### PROBLEM TO SOLVE
In the listing that follows, locate the line containing "Душевое ограждение Avacan" and the line containing "Conveyor Belt Filled With Chocolate photo". Retype exactly those two lines and every line between them, and nothing more.
------------------------------------------------
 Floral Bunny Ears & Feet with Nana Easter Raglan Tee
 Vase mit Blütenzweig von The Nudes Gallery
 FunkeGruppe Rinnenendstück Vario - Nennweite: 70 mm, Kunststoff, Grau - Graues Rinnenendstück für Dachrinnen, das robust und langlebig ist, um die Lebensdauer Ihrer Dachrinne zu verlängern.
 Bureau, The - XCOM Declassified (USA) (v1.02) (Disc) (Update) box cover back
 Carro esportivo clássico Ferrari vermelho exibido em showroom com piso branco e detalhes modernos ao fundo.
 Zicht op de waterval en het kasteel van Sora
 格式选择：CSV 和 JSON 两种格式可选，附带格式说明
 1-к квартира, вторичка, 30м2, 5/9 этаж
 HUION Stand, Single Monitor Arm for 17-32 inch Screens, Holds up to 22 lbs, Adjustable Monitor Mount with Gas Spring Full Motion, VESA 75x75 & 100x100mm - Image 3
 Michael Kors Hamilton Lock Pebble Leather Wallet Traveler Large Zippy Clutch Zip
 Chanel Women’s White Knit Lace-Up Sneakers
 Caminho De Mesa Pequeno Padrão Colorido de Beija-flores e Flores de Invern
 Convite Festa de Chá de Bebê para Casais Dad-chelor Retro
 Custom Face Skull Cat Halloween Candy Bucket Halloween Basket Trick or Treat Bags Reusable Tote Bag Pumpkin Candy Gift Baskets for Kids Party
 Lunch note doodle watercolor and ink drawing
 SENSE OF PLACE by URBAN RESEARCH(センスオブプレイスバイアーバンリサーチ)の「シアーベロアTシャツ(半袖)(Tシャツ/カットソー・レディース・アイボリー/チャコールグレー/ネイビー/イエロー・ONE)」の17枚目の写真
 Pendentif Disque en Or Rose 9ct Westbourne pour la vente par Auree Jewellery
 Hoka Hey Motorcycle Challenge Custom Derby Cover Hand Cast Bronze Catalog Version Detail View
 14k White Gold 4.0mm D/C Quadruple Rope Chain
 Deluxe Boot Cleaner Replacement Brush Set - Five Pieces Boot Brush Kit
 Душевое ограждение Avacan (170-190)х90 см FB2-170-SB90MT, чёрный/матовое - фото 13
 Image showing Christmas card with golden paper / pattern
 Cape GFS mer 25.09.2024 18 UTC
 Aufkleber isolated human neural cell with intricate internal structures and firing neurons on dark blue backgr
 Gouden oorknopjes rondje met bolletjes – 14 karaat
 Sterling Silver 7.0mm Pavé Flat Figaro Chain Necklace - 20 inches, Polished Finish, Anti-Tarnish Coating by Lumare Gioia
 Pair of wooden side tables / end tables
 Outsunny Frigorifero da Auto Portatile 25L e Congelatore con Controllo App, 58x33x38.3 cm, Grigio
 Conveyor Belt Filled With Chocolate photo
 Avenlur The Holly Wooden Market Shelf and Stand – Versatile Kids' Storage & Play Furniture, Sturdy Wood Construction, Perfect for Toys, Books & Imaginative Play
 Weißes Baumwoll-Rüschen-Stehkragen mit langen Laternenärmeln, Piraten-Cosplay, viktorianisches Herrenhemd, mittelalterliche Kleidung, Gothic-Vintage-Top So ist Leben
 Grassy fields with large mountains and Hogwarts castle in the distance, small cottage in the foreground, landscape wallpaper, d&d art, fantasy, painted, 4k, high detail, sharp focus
------------------------------------------------
### RESULT OF THIS EXERCISE
 Душевое ограждение Avacan (170-190)х90 см FB2-170-SB90MT, чёрный/матовое - фото 13
 Image showing Christmas card with golden paper / pattern
 Cape GFS mer 25.09.2024 18 UTC
 Aufkleber isolated human neural cell with intricate internal structures and firing neurons on dark blue backgr
 Gouden oorknopjes rondje met bolletjes – 14 karaat
 Sterling Silver 7.0mm Pavé Flat Figaro Chain Necklace - 20 inches, Polished Finish, Anti-Tarnish Coating by Lumare Gioia
 Pair of wooden side tables / end tables
 Outsunny Frigorifero da Auto Portatile 25L e Congelatore con Controllo App, 58x33x38.3 cm, Grigio
 Conveyor Belt Filled With Chocolate photo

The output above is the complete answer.